- HOW TO COMPLETE THIS TASK -
Every record below is to be restated verbatim, though its images are not.

- SUPPLIED ENTRIES -
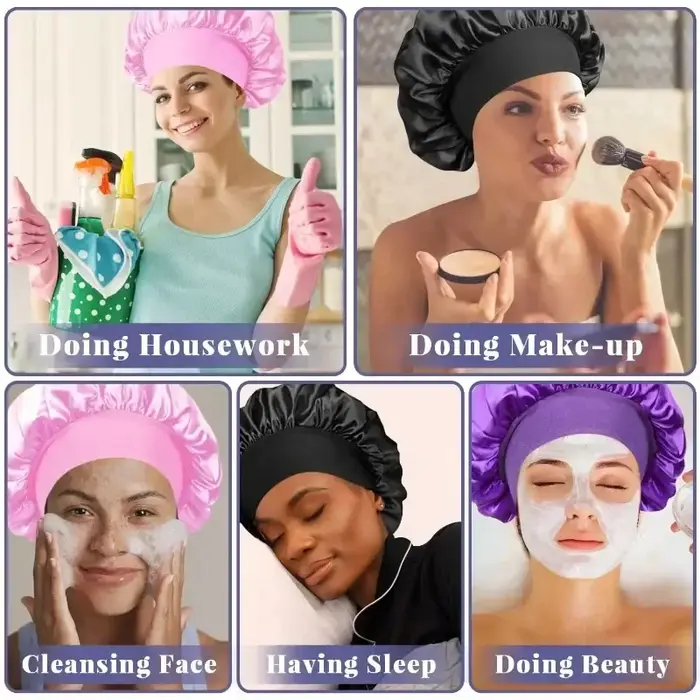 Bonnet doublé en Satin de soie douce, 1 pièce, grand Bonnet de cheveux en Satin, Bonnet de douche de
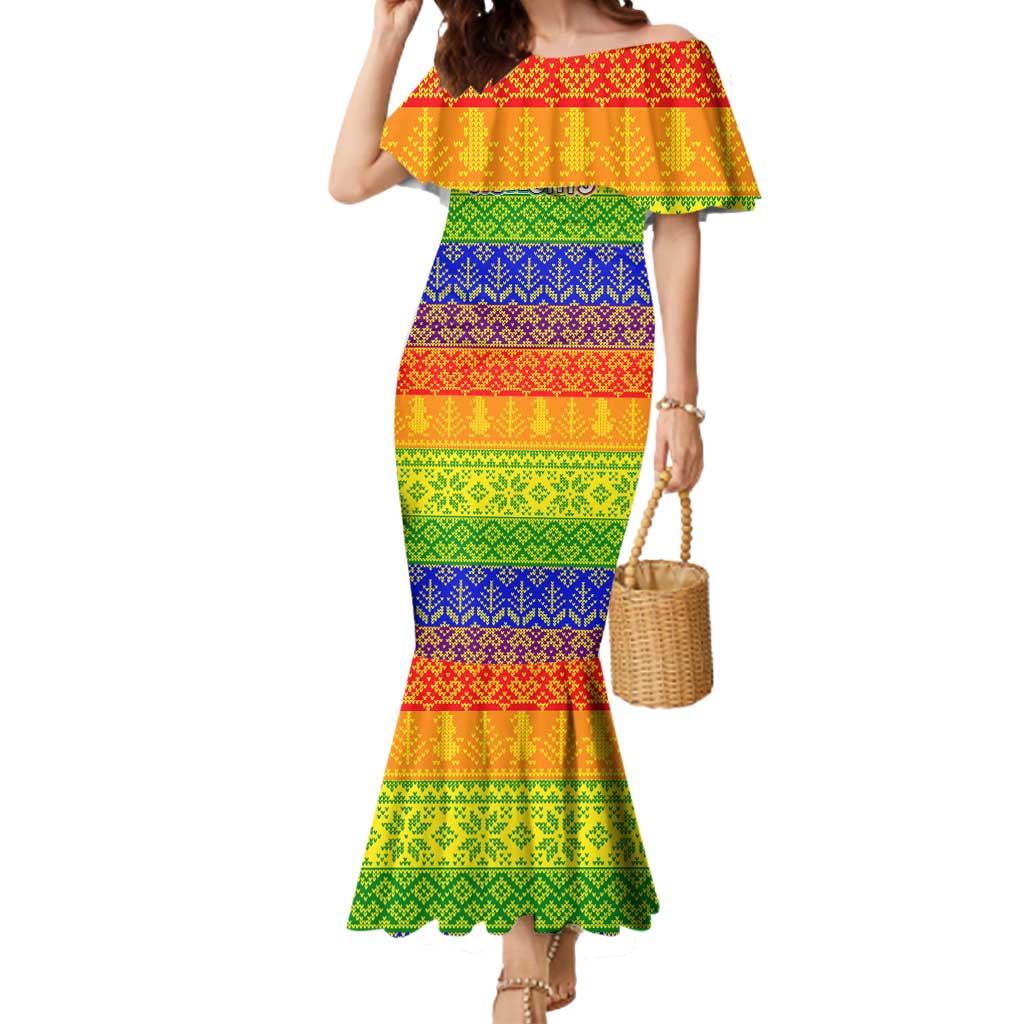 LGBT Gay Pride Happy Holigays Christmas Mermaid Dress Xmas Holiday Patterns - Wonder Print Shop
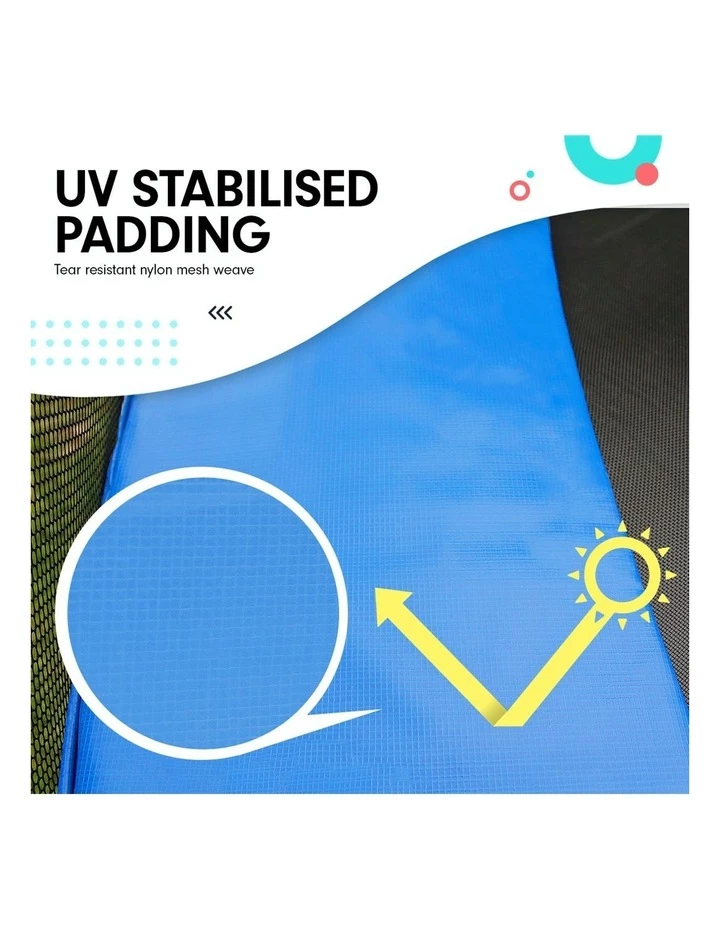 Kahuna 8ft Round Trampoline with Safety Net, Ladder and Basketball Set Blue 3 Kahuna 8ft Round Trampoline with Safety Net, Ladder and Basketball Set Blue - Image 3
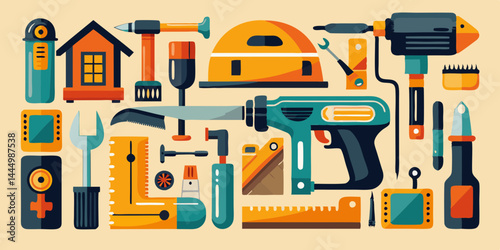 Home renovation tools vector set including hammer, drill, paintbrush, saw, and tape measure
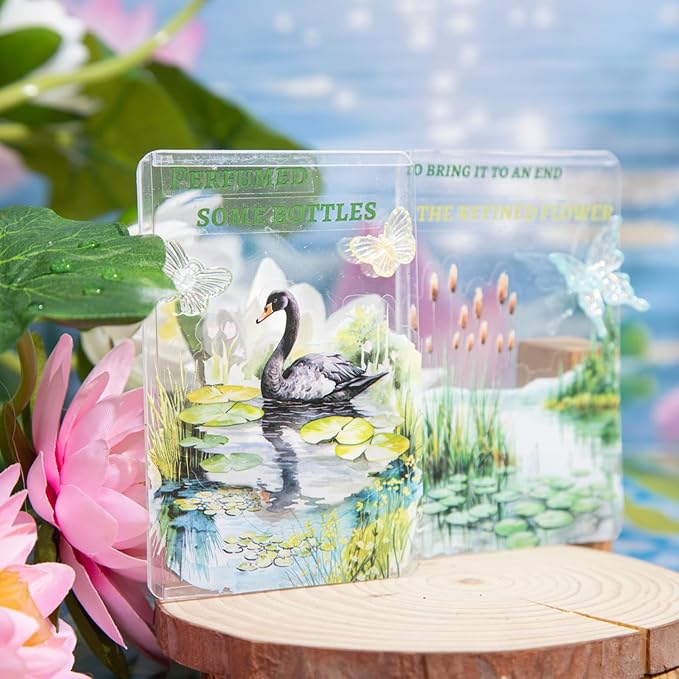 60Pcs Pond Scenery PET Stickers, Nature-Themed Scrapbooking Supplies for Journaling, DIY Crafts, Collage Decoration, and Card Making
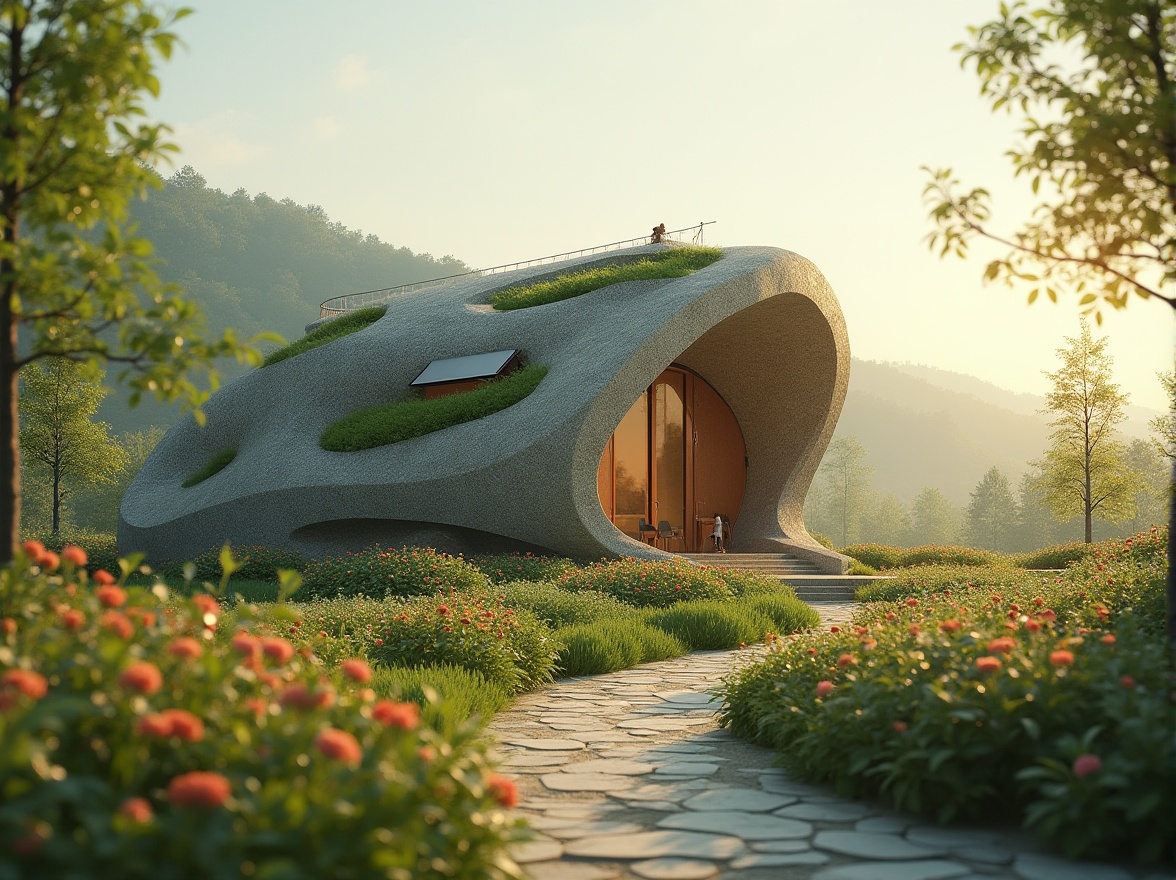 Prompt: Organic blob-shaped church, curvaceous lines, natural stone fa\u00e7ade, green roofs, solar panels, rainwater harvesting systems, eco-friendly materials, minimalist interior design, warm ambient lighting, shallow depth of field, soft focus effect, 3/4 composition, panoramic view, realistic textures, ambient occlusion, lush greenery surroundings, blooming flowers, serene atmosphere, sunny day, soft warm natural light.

- WRITTEN SOLUTION -
 Bonnet doublé en Satin de soie douce, 1 pièce, grand Bonnet de cheveux en Satin, Bonnet de douche de
 LGBT Gay Pride Happy Holigays Christmas Mermaid Dress Xmas Holiday Patterns - Wonder Print Shop
 Kahuna 8ft Round Trampoline with Safety Net, Ladder and Basketball Set Blue 3 Kahuna 8ft Round Trampoline with Safety Net, Ladder and Basketball Set Blue - Image 3
 Home renovation tools vector set including hammer, drill, paintbrush, saw, and tape measure
 60Pcs Pond Scenery PET Stickers, Nature-Themed Scrapbooking Supplies for Journaling, DIY Crafts, Collage Decoration, and Card Making
 Prompt: Organic blob-shaped church, curvaceous lines, natural stone fa\u00e7ade, green roofs, solar panels, rainwater harvesting systems, eco-friendly materials, minimalist interior design, warm ambient lighting, shallow depth of field, soft focus effect, 3/4 composition, panoramic view, realistic textures, ambient occlusion, lush greenery surroundings, blooming flowers, serene atmosphere, sunny day, soft warm natural light.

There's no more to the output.